RECORDED DATA:
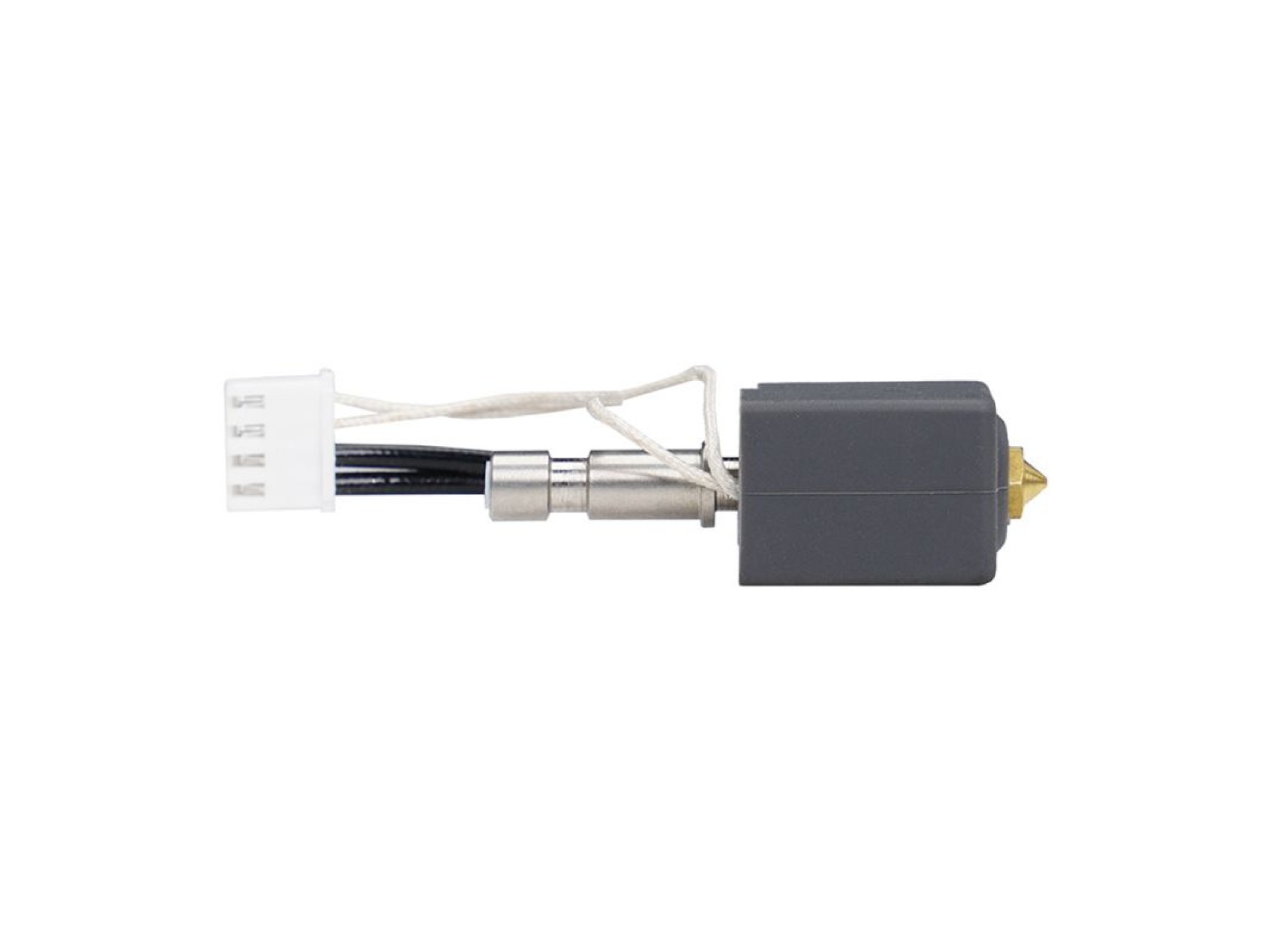 Extrusor de liberación rápida con boquilla de 0,4 mm para Anycubic Kobra S1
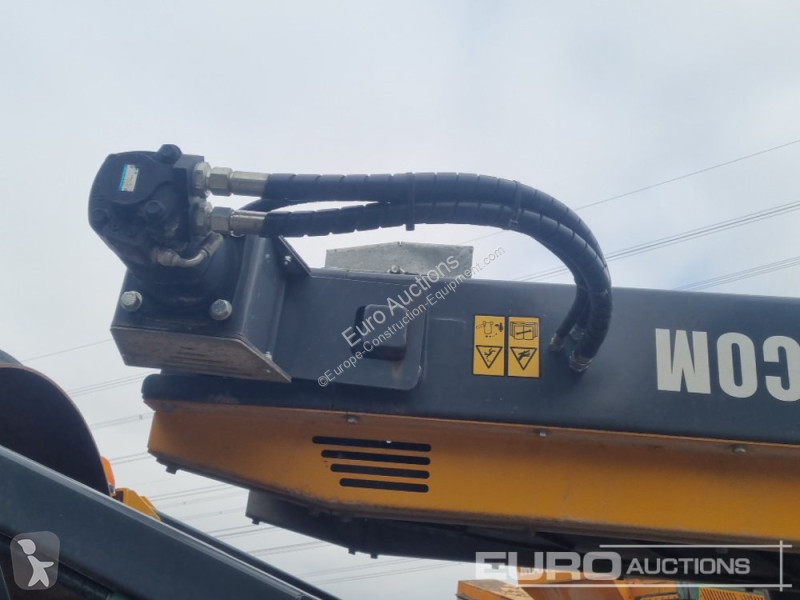 Concasare, reciclare  T516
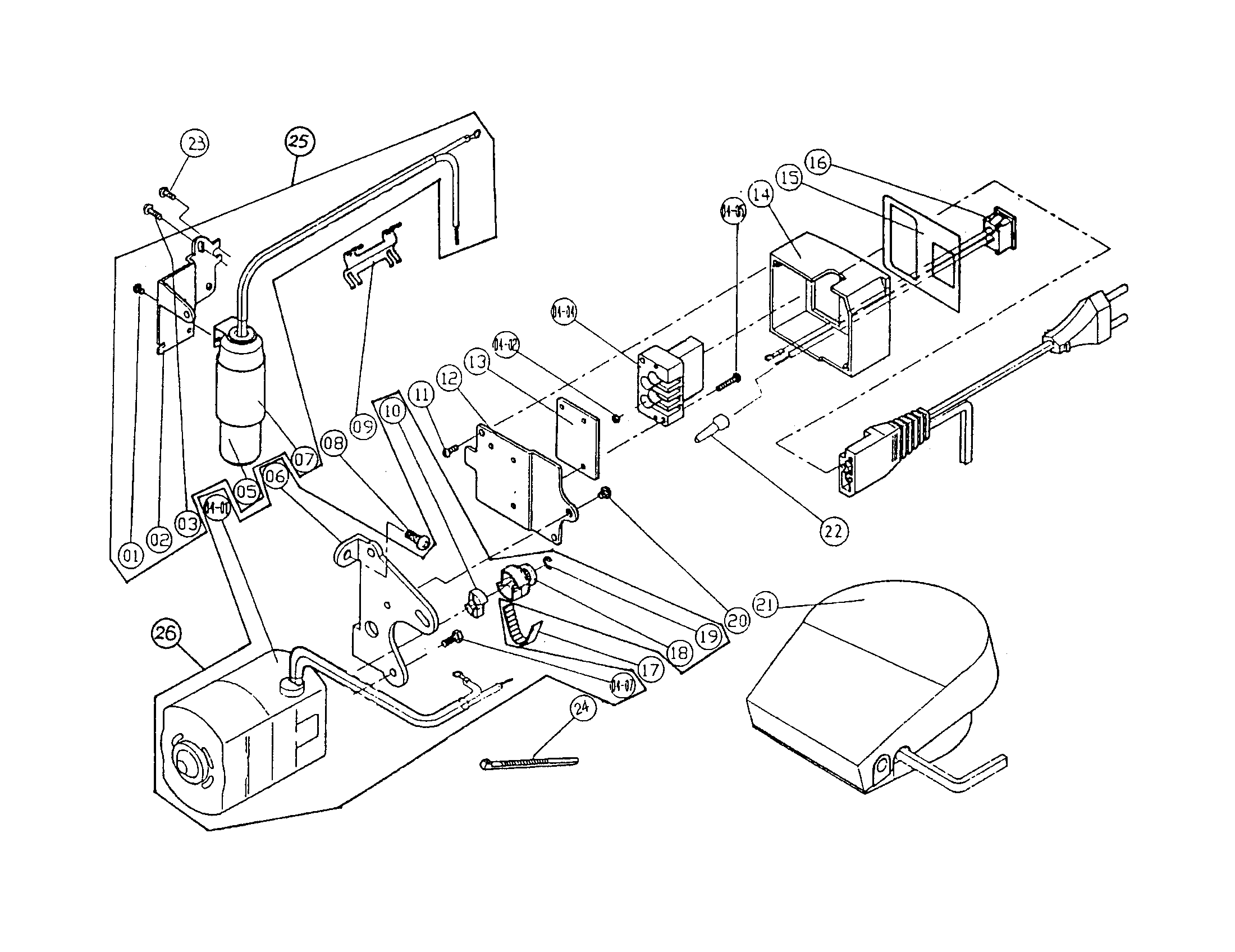Electrical parts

WORK ORDER: For this exercise, restate the material exactly and skip every picture.

COMPLETED TASK:
 Extrusor de liberación rápida con boquilla de 0,4 mm para Anycubic Kobra S1
 Concasare, reciclare  T516
Electrical parts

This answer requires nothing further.